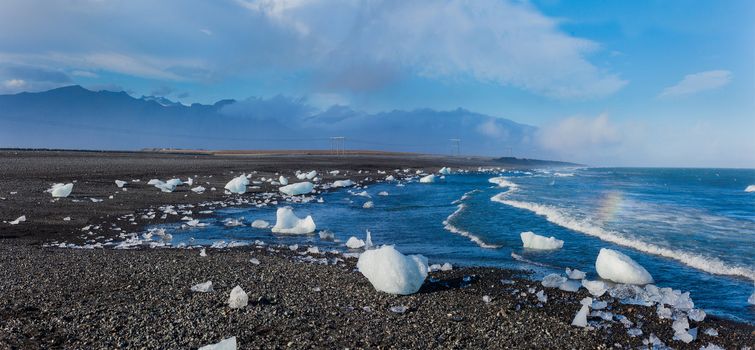 Beautiful beach in the South of Iceland with a black lava sand is full of icebergs from glaciers not far away. Panorama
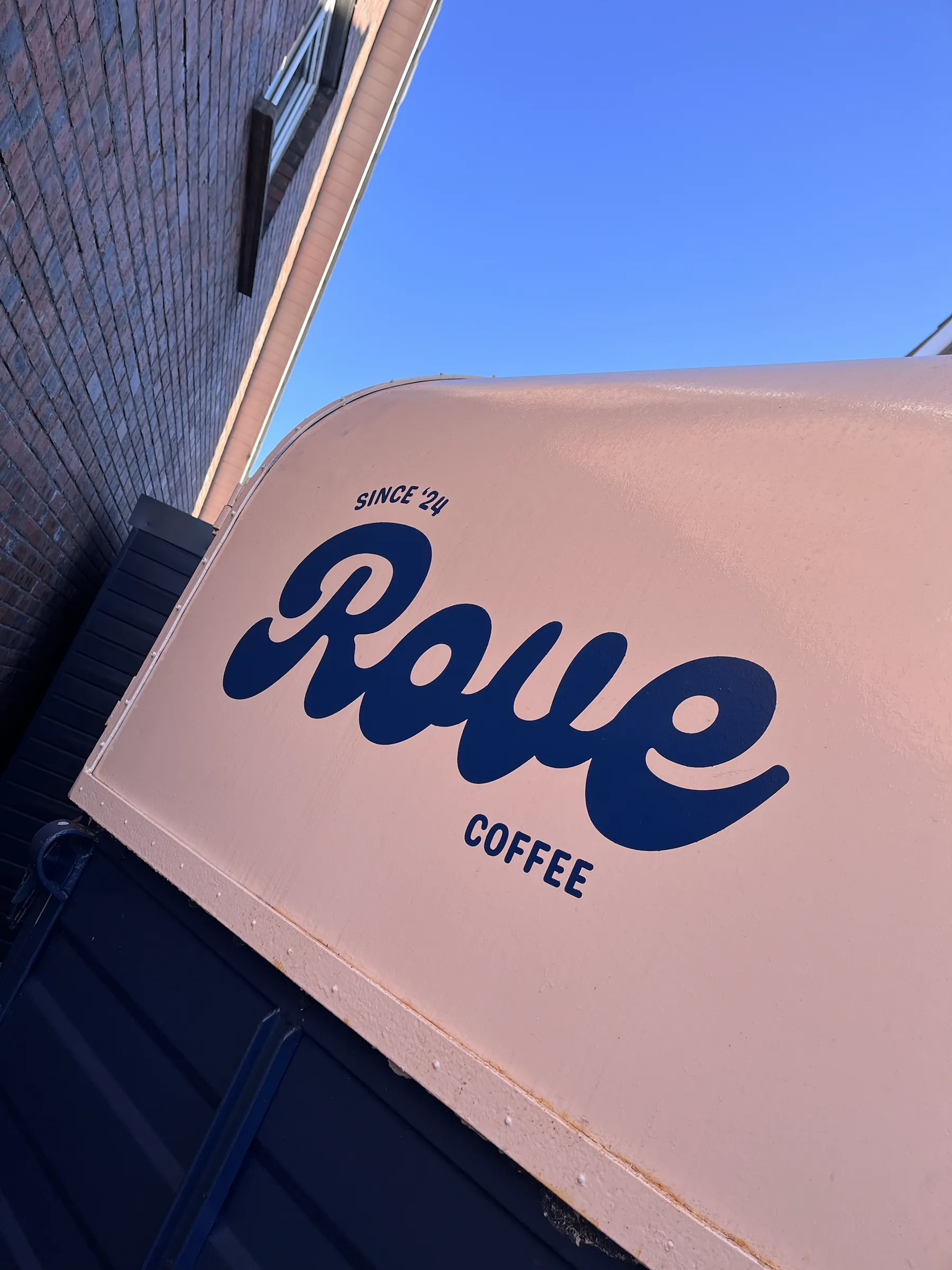 Navy script lettering reading “Rove Coffee, since ’24” painted on a pale pink canopy against a blue sky.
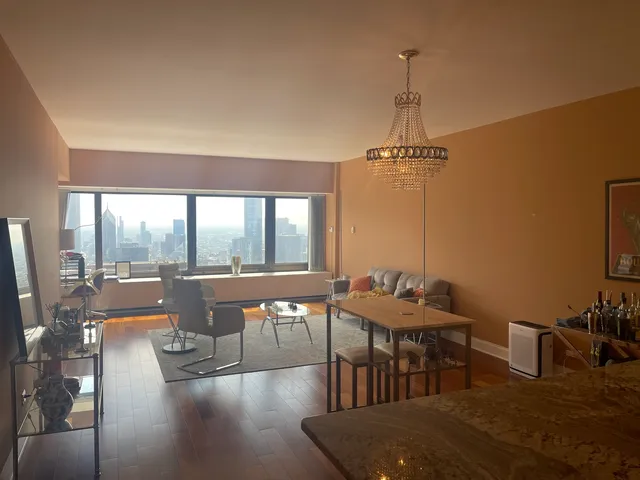 a dining room with furniture window and outside view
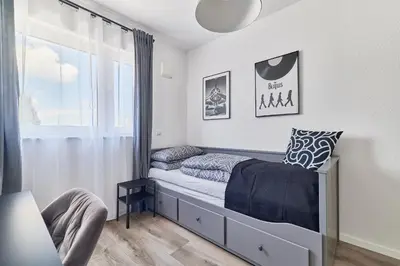 Ein Bett oder Betten in einem Zimmer der Unterkunft Neubau Luxus Penthouse - Netflix - BBQ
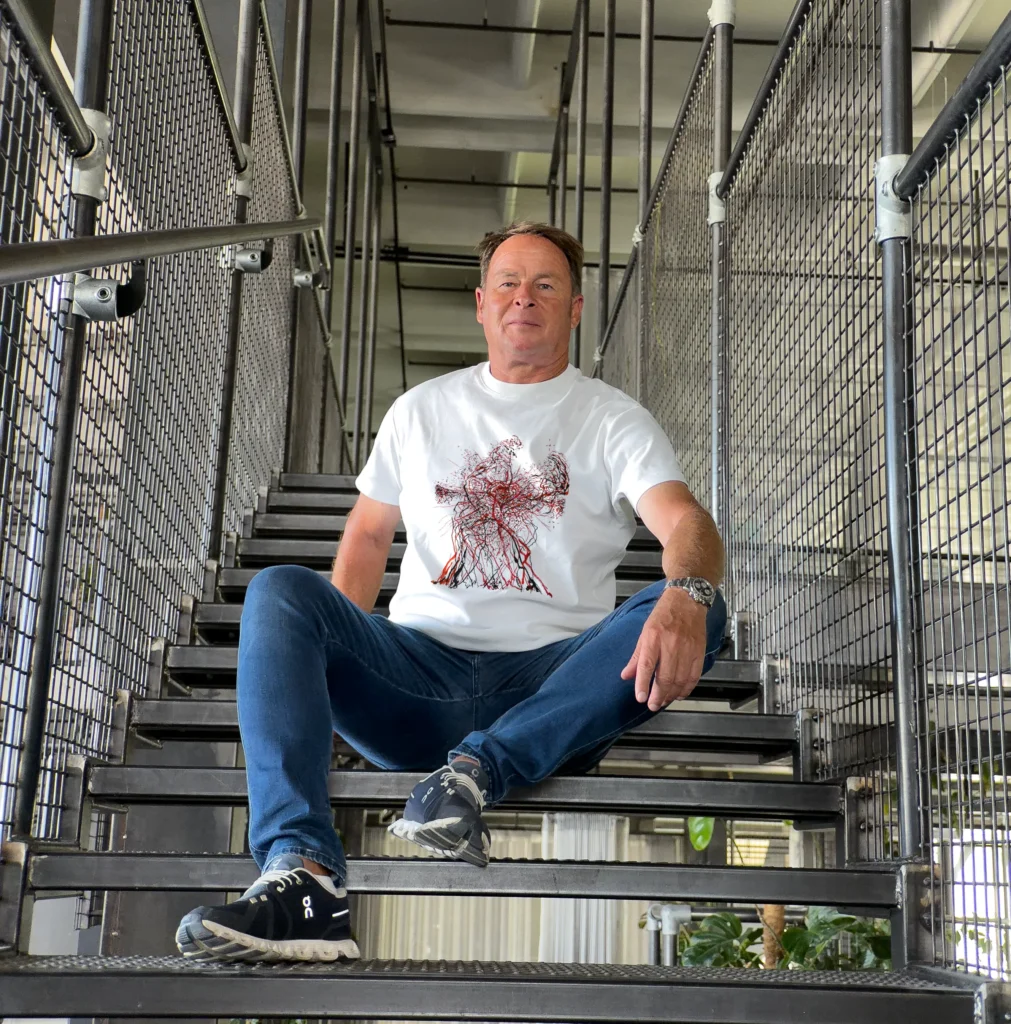 Accomplice wearing a t-shirt with an artist design from The Invisible Plot — red figure print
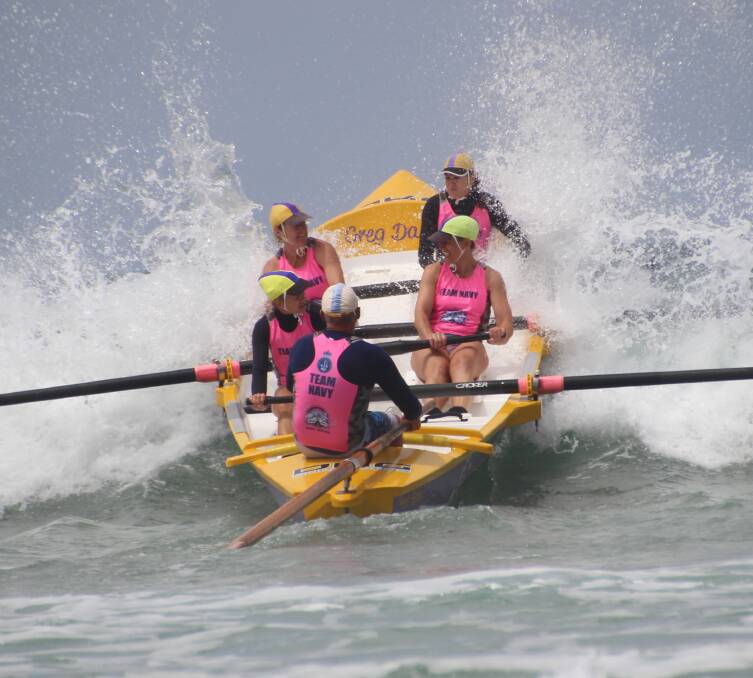 STRONG: Members of the Port Fairy Surf Life Saving Club's women's rowing crew crash through a wave at a competition in Anglesea on the weekend. They won a silver medal. Picture: Martina Murrihy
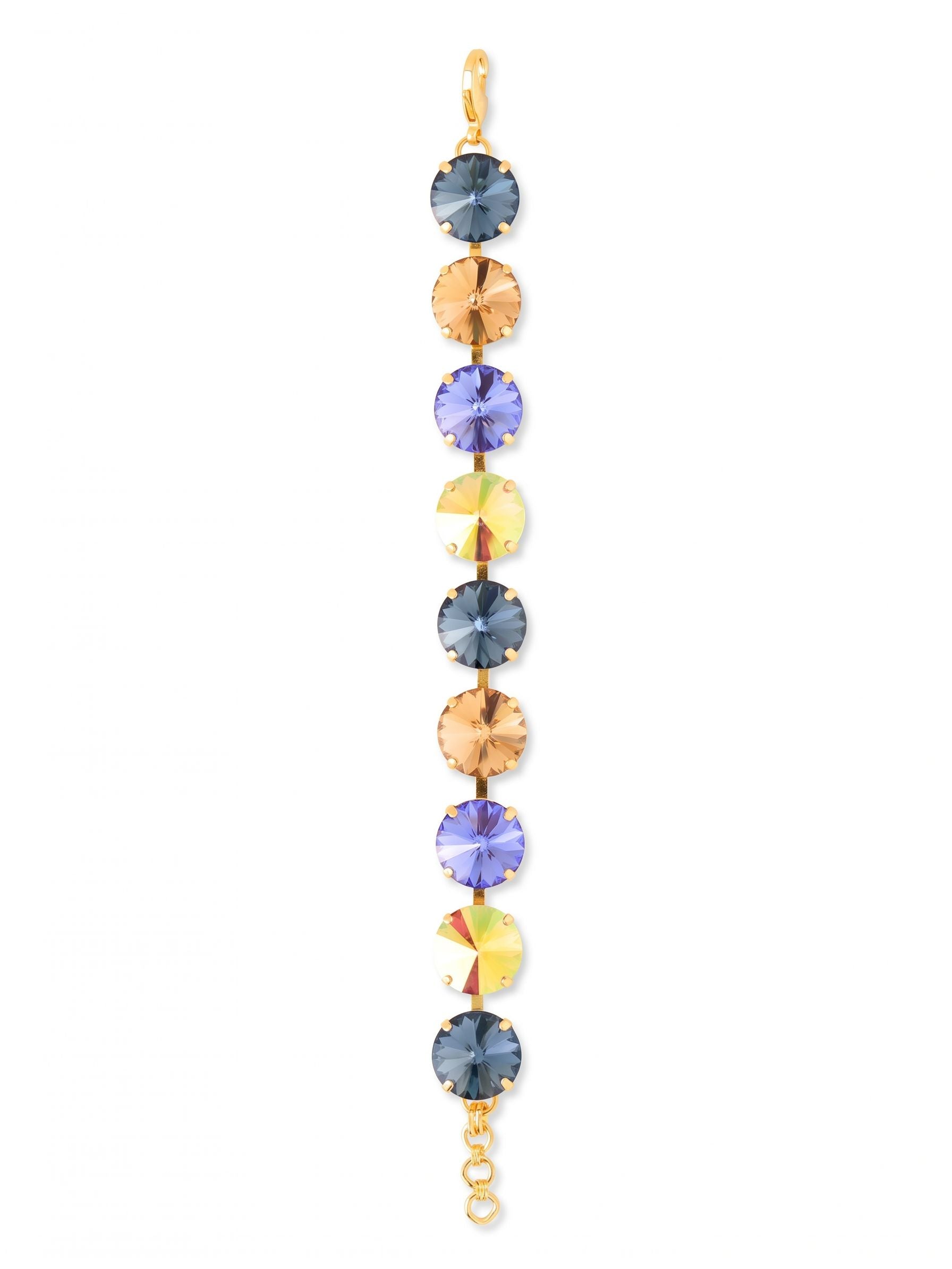 Nadine Tennis Bracelet - BFU3BGDNM - <p>A focused sequence of color and light defines this modern tennis bracelet. Nine oversized round crystals in deep denim blues and warm golden hues alternate along a flexible channel chain, responding with bright flashes to every movement of your hand. The half-inch width gives it a confident, substantial weight that feels intentional and secure. Finished with an extension chain to fine-tune the drape, it brings a grounded yet vibrant focal point to your daily uniform.</p><ul>
<li>Alternating sequence of oversized blue and gold tone crystals</li>
<li>Flexible channel construction moves fluidly with the hand</li>
<li>Lobster claw clasp</li>
<li>3/4-inch adjustable extension chain</li>
<li>Protective e-coat finish for lasting wear</li>
<li>Includes signature organza pouch for gifting and travel</li>
</ul>
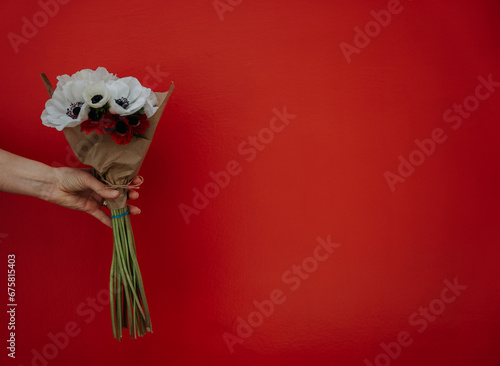 A bunch of flowers in brown paper is being held in front of a red door.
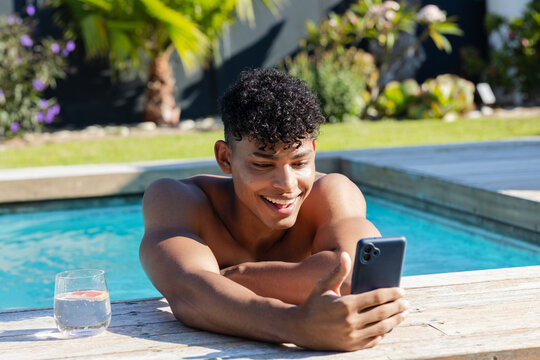 African American adult man shirtless leaning on wood pool deck, holding phone and glass with citrus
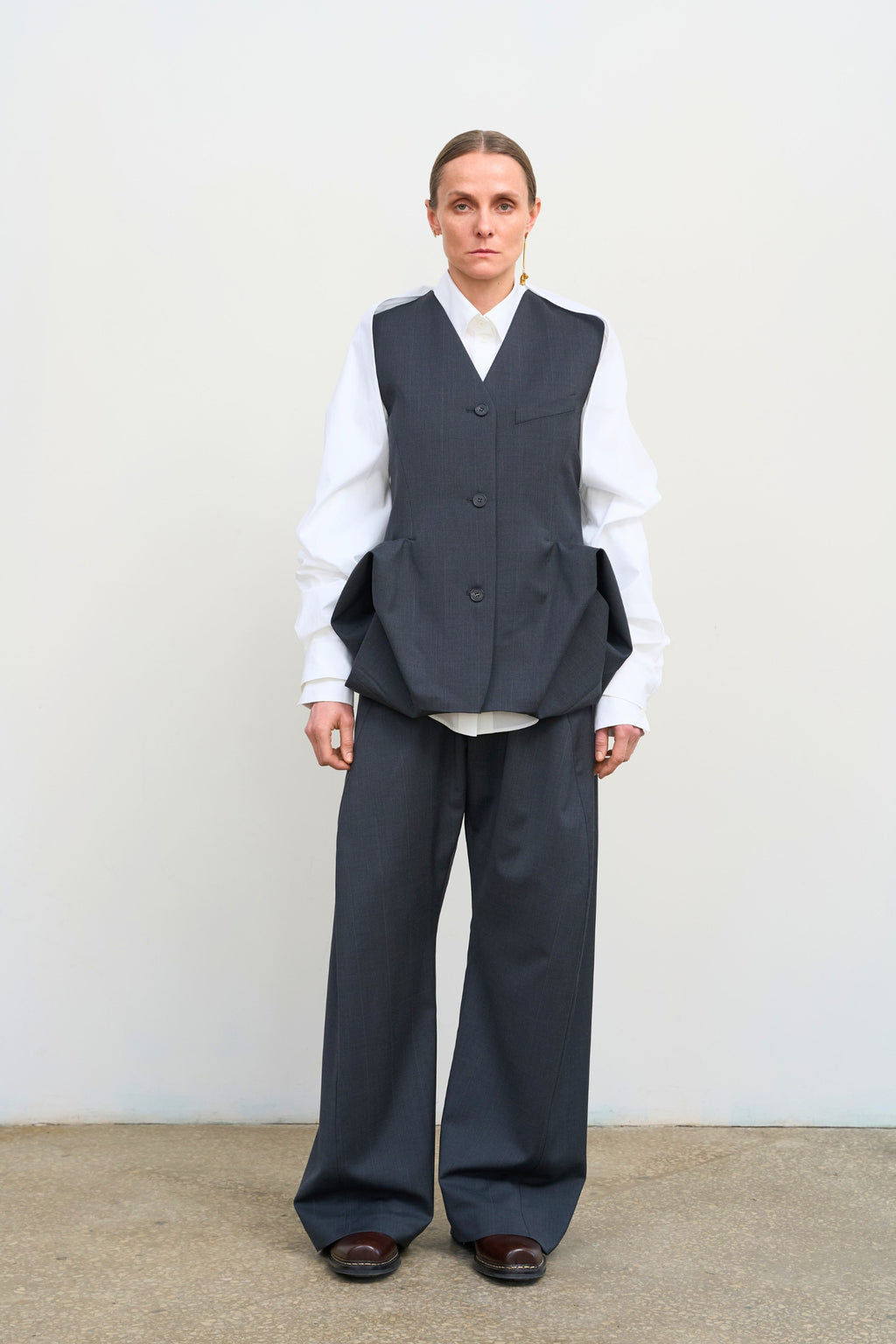 TAILORED VEST WITH FLORAL ACCENTS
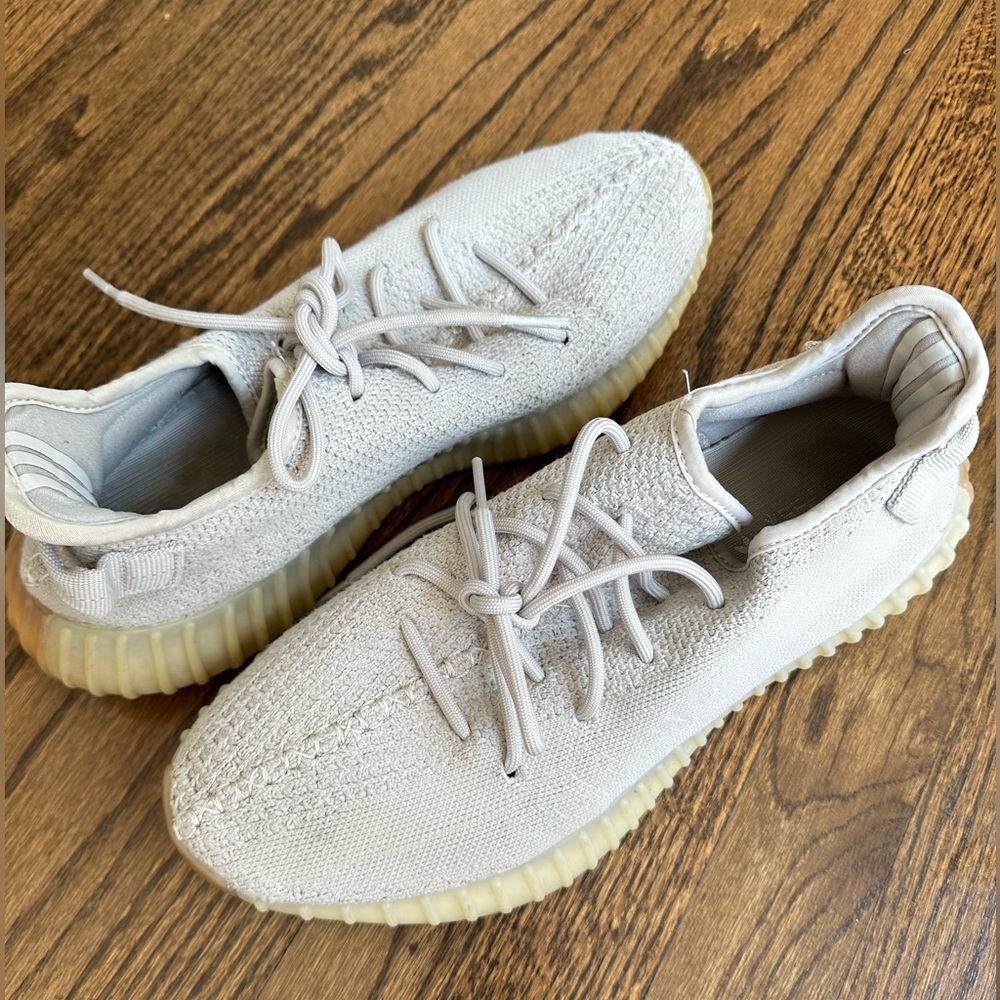 Beige Yeezys size 11 men. Shoes have been worn but are in good condition.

- Assignment
Before printing the records again, strip out the pictures; change nothing else.

- Response to this exercise
 Beautiful beach in the South of Iceland with a black lava sand is full of icebergs from glaciers not far away. Panorama
 Navy script lettering reading “Rove Coffee, since ’24” painted on a pale pink canopy against a blue sky.
 a dining room with furniture window and outside view
 Ein Bett oder Betten in einem Zimmer der Unterkunft Neubau Luxus Penthouse - Netflix - BBQ
 Accomplice wearing a t-shirt with an artist design from The Invisible Plot — red figure print
 STRONG: Members of the Port Fairy Surf Life Saving Club's women's rowing crew crash through a wave at a competition in Anglesea on the weekend. They won a silver medal. Picture: Martina Murrihy
 Nadine Tennis Bracelet - BFU3BGDNM - <p>A focused sequence of color and light defines this modern tennis bracelet. Nine oversized round crystals in deep denim blues and warm golden hues alternate along a flexible channel chain, responding with bright flashes to every movement of your hand. The half-inch width gives it a confident, substantial weight that feels intentional and secure. Finished with an extension chain to fine-tune the drape, it brings a grounded yet vibrant focal point to your daily uniform.</p><ul>
<li>Alternating sequence of oversized blue and gold tone crystals</li>
<li>Flexible channel construction moves fluidly with the hand</li>
<li>Lobster claw clasp</li>
<li>3/4-inch adjustable extension chain</li>
<li>Protective e-coat finish for lasting wear</li>
<li>Includes signature organza pouch for gifting and travel</li>
</ul>
 A bunch of flowers in brown paper is being held in front of a red door.
 African American adult man shirtless leaning on wood pool deck, holding phone and glass with citrus
 TAILORED VEST WITH FLORAL ACCENTS
 Beige Yeezys size 11 men. Shoes have been worn but are in good condition.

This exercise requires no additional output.